Un constructeur qui cherche à diminuer son empreinte carbone va avoir besoin, entre autres solutions, d’avions beaucoup plus légers et donc équipés de plus en plus avec des matériaux composites. Dans ce contexte, notre positionnement est plutôt favorable.

Airbus teste un appareil propulsé à l’hydrogène. Vous êtes dans le coup ?

Le sujet nous passionne mais aujourd’hui, nous ne sommes pas associés à l’expérimentation d’Airbus qui, à mon avis, va prendre des années. Mais au final, cette innovation va s’adosser à des aéronefs légers et c’est à ce titre que nous sommes bien placés.

Qu’est-ce qui vous donne donc des perspectives d’avenir ?

Nonobstant la crise, l’aéronautique représente en moyenne une croissance de 3 à 6 % par an. Autre point positif, nous sommes experts sur certaines familles de produits et reconnus comme tels. Enfin, nous avons spécialisé nos sites. Nous ne cherchons pas à fabriquer en Corse des choses susceptibles de l’être dans des pays à bas coût, cela reviendrait à se tirer une balle dans le pied, mais on cherche plutôt à développer des choses qui amènent de la vraie valeur ajoutée.

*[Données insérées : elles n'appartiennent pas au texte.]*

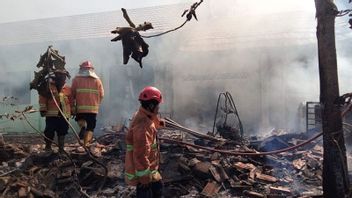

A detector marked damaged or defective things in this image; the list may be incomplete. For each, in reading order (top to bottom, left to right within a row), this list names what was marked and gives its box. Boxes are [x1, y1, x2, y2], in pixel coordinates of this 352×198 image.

Corse Composites Aéronautiques a 40 ans. Une fierté pour une région aussi peu industrialisée que la nôtre ?

Oui, une fierté pour les salariés, la fierté aussi d’avoir eu une oreille attentive des élus locaux quelles que soient les tendances et c’est encore le cas aujourd’hui à travers l’Adec ou la CCI de Corse. En même temps, l’entreprise a failli disparaître deux fois : un première fois dix ans après sa création et plus récemment avec la crise Covid. La vigilance est d’autant plus de mise que son sort est intimement lié au marché dans lequel elle évolue, à ses règles comme à ses soubresauts. À une exception près, tous nos concurrents se trouvent dans le monde entier et le plus petit d’entre eux est vingt fois plus gros que nous ! Nous n’avons pas le droit de nous tromper dans nos choix stratégiques.